Laying eyes on the meeting of the churning White and the smooth Blue gives meaning to the word arteriaL
A lone angler sits on the aquatically busy corner gently dipping his line into the water where the rivers converge, probably grateful that the Sudanese authorities have not done must to embellish this attraction.
An eight arch bridge nearby joins the capital with Omdurman across the White Nile. The troika of these two cities plus Bahri resemble a giant elephant with the river forming the trunk.
That is what Khartoum means in Arabic: elephant.
The island of Tuti fits in here somewhere – although residents of what amounts to the capital’s vegetable garden are legendary misfits.
Their antiquated water pumps thump noisily. They have refused government offers to replace them with new devices because they are suspicious that there might be strings attached.

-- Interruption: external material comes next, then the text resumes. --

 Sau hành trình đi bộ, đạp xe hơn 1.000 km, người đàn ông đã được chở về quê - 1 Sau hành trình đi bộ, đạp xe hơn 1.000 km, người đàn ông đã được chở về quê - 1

They did not like the building of a bridge with the mainland – a gift from Turkey – which brought the first cars onto the island. So they fiercely oppose building hotels and villas.
They say: bLet the residents of the capital have their giant orange-squeezer shaped, Libyan-built Burj, the Hall of Friendship, which is one many Chinese expressions of gratitude for accessing virtually every drop of oil this country can pump, and other impressive pieces of cutting edge architecture. They will keep growing greens.

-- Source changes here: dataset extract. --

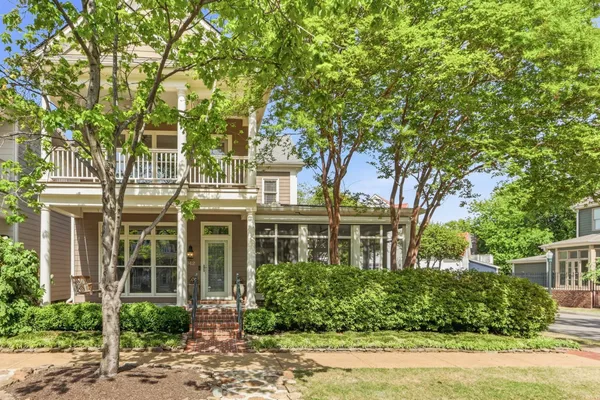 $584,000 | 942 Harbor View Drive, Memphis, TN 38103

Sudan is still on Washington’s list of terrorist-sponsoring countries and subject to some US sanctions.
But like Cuba and Iran it is coming in from the cold.
The conventional wisdom is one should get into Cuba and Iran now, before the world does.
The same applies to Sudan.
My advice is take this Madhi-Kalmis-Ter-I tour before the marketing buffs get in.
Arabic is essential for business but English more than gets one buy in this country with a strong British colonial background .
Before you say: ah cricket! remember that the Brits were not here long enough to instill an appreciation of willow on leather.
The Mahdi rather spoiled things by sending his troops from Omdurman just across the river to fetch Gordon who was under siege in Khartoum trying to evacuate British troops and citizens.
The Mahdi’s men went totally off message and removed the British administrator’s head.
There is a brass plaque on the steps of the Presidential Palace indicating the site of this slaying.
I was not able to see it this time because chez Gordon has become the old palace – replaced by an impressive Chinese-built replica. Both old and new are now under security lockdown.
My rambling, slightly-foxed hotel on the banks of the Blue Nile was the first five-star establishment in Khartoum.
It has the same architect as Singapore’s famous Raffles. Don’t try walking into the bar and ordering a Sudanese Sling though. There is no bar is this very dry country.
And don’t trying walking into the fancy hotel next door because that is the headquarters in Sudan of the China National Petroleum Company.
My hotel has housed Queen Elizabeth II and Winston Churchill.
It has also accommodated Thomas Cook which is ironic because foreign credit cards are not accepted in sanctions-hit Sudan.
My source on the famous guests is the editor of Sudan Vision. It is one of three English-language newspapers in this country.
Navigating the convoluted contents confirms the harsh reality that because the King’s tongue is indeed the second most spoken language on the globe does not mean it is always delivered as she should be.